■ PROBLEM DESCRIPTION
Set down, character for character, everything in the records below from the line holding "Amethyst geode with" down to the line holding "Helles Schlafzimmer mit", and no other line.

■ INFORMATION SUPPLIED
____________________
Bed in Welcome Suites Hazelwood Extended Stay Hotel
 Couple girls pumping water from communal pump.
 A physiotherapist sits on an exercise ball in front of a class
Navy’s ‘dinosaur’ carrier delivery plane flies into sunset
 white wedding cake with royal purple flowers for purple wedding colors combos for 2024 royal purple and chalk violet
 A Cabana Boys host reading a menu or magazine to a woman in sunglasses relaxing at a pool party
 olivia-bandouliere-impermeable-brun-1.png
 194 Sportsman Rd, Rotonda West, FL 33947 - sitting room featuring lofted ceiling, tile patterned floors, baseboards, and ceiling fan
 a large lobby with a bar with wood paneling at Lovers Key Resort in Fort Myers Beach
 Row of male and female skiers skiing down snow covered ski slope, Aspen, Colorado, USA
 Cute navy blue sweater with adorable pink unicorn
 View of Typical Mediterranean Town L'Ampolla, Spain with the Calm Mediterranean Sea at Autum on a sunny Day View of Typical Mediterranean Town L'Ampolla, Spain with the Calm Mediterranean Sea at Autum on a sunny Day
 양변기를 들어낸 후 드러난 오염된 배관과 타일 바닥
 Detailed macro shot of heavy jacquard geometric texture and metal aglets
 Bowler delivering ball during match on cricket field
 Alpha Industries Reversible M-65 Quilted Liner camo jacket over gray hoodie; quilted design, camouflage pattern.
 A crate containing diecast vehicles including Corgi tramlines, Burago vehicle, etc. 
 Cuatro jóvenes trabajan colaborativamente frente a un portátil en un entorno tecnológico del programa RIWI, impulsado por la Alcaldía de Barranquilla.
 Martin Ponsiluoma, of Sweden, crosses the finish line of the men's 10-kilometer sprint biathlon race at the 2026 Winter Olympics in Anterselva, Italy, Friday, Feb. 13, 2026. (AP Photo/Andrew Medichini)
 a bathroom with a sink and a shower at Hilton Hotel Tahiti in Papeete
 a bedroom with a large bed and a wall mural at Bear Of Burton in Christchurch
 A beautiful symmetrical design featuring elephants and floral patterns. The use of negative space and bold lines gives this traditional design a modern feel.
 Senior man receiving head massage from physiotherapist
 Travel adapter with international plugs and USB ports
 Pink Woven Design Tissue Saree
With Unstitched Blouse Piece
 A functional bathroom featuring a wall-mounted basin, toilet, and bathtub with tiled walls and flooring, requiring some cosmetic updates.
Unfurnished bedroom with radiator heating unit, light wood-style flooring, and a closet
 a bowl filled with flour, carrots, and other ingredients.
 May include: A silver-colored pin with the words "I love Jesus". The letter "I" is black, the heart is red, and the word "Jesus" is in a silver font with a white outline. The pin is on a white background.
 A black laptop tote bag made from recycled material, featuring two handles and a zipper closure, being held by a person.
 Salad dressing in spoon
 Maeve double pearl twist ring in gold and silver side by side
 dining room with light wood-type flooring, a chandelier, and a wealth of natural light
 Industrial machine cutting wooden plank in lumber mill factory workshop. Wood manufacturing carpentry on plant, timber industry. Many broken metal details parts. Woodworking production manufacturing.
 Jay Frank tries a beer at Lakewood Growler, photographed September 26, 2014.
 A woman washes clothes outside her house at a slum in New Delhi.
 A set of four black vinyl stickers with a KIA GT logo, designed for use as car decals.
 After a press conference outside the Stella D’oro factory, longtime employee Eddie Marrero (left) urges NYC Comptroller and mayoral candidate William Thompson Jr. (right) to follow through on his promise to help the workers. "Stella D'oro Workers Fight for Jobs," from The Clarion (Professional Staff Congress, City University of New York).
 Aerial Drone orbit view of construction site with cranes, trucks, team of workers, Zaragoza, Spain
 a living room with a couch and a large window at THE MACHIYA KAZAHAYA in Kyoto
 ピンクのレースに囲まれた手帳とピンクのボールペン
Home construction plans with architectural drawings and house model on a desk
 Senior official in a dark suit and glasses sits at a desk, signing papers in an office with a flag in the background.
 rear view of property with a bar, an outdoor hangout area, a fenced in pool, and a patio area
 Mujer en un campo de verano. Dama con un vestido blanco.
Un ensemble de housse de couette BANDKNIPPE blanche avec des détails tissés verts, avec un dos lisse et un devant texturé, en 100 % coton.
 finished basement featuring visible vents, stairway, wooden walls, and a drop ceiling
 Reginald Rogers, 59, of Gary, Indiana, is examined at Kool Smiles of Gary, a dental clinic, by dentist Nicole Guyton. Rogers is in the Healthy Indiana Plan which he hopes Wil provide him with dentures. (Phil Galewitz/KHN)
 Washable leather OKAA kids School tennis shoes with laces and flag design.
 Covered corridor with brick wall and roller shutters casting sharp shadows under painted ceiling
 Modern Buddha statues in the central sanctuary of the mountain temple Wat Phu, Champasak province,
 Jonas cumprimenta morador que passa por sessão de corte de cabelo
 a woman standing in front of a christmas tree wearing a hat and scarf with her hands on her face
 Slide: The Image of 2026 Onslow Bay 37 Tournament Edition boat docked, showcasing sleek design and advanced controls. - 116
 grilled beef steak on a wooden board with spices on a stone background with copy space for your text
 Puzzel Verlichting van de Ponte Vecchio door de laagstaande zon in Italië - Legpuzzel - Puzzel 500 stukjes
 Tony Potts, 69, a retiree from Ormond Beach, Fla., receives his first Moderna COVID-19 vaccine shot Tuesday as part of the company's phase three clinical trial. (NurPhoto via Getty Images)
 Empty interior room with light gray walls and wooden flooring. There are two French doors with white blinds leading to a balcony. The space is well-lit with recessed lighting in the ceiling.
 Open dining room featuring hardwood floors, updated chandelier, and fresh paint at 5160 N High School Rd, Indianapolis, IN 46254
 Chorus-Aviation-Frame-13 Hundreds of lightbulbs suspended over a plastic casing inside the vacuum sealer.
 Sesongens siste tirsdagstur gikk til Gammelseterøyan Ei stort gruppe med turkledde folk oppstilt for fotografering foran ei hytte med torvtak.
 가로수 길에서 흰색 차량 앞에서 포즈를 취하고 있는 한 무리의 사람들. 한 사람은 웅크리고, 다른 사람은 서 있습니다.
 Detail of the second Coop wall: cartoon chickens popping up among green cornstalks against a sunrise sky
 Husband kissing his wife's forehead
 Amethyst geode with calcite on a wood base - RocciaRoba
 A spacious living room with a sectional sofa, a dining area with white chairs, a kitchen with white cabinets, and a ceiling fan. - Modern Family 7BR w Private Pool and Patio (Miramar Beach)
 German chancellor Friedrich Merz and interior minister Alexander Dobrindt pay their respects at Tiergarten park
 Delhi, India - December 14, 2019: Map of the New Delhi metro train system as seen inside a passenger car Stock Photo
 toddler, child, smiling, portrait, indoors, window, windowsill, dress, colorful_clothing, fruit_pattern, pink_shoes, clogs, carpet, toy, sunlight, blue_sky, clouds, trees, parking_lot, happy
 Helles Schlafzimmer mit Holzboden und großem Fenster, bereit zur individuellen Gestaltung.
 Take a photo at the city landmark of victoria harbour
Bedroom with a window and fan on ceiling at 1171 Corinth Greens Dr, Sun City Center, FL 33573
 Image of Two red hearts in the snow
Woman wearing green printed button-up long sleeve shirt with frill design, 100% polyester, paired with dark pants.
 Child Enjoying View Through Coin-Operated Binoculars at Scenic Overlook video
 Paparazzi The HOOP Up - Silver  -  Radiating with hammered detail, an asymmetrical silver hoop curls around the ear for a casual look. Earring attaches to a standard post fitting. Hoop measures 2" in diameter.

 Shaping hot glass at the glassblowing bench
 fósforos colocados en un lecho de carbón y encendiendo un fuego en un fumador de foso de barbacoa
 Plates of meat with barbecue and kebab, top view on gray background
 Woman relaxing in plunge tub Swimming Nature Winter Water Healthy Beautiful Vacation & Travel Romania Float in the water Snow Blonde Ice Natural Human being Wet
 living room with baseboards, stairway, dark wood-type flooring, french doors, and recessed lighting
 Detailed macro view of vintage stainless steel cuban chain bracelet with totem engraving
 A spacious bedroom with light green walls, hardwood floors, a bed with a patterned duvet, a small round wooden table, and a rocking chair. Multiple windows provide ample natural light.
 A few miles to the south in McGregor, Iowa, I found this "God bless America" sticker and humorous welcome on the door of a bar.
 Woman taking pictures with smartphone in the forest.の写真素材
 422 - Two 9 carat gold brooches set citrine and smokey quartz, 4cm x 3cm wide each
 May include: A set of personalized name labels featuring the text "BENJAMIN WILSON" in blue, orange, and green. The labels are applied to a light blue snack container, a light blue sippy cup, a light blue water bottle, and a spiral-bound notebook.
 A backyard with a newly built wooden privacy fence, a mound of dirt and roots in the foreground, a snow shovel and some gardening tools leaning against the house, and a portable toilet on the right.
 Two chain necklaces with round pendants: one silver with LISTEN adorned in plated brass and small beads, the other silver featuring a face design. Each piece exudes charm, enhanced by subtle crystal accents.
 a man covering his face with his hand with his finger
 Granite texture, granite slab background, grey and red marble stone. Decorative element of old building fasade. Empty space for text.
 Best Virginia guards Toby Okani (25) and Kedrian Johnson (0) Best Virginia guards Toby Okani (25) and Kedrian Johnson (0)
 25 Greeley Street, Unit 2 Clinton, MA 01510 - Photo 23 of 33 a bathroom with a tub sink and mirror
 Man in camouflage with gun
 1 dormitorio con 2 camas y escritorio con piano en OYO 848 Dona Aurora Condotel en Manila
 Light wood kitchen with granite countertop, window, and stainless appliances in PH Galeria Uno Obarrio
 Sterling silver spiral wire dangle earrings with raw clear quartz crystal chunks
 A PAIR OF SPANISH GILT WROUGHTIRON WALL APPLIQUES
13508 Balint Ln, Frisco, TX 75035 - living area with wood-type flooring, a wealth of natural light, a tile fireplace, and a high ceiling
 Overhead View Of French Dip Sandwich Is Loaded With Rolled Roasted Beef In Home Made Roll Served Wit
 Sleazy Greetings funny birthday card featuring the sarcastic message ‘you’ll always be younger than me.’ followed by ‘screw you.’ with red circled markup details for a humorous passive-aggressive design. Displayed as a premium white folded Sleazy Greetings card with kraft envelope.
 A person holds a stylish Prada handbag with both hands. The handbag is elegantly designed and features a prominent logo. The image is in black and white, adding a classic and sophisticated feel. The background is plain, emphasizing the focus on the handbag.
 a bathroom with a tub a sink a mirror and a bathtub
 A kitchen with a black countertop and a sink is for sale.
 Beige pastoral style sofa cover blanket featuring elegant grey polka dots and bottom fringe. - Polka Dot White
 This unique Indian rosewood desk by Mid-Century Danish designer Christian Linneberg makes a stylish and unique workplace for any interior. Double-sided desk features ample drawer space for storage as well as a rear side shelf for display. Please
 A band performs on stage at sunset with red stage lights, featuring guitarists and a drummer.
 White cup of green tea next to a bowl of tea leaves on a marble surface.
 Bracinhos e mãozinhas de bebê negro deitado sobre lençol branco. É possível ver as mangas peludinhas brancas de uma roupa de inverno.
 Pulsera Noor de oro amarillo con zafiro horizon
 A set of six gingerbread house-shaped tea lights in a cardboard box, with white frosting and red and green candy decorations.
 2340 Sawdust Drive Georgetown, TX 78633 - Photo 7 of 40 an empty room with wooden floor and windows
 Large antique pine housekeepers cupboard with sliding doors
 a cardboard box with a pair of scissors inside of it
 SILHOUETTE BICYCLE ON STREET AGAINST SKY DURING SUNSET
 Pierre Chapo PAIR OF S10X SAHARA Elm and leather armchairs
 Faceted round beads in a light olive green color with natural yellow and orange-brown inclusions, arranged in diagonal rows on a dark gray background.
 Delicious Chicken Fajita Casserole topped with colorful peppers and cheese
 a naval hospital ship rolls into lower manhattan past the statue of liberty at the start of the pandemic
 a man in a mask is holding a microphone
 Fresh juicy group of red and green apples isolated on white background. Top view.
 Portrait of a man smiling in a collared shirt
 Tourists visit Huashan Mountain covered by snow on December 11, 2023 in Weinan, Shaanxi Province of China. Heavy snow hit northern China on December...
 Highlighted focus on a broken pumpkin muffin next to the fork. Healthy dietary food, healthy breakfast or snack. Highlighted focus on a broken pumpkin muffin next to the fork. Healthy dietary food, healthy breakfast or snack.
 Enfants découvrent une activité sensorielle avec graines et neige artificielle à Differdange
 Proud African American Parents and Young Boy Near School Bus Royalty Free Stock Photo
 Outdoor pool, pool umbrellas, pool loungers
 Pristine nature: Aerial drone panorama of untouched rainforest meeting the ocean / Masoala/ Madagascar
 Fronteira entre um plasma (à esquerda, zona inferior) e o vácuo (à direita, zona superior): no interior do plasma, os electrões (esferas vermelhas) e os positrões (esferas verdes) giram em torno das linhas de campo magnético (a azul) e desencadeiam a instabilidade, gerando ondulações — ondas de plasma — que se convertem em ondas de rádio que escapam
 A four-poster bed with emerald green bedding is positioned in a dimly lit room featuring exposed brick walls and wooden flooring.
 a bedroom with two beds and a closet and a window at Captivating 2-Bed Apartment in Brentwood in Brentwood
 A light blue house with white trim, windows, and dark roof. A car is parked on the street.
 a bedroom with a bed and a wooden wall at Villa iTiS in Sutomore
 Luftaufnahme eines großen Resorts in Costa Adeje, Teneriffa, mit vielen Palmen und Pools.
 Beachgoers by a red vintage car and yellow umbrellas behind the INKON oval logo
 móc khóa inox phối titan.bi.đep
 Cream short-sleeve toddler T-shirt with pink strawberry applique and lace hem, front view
____________________
■ ANSWER
 Amethyst geode with calcite on a wood base - RocciaRoba
 A spacious living room with a sectional sofa, a dining area with white chairs, a kitchen with white cabinets, and a ceiling fan. - Modern Family 7BR w Private Pool and Patio (Miramar Beach)
 German chancellor Friedrich Merz and interior minister Alexander Dobrindt pay their respects at Tiergarten park
 Delhi, India - December 14, 2019: Map of the New Delhi metro train system as seen inside a passenger car Stock Photo
 toddler, child, smiling, portrait, indoors, window, windowsill, dress, colorful_clothing, fruit_pattern, pink_shoes, clogs, carpet, toy, sunlight, blue_sky, clouds, trees, parking_lot, happy
 Helles Schlafzimmer mit Holzboden und großem Fenster, bereit zur individuellen Gestaltung.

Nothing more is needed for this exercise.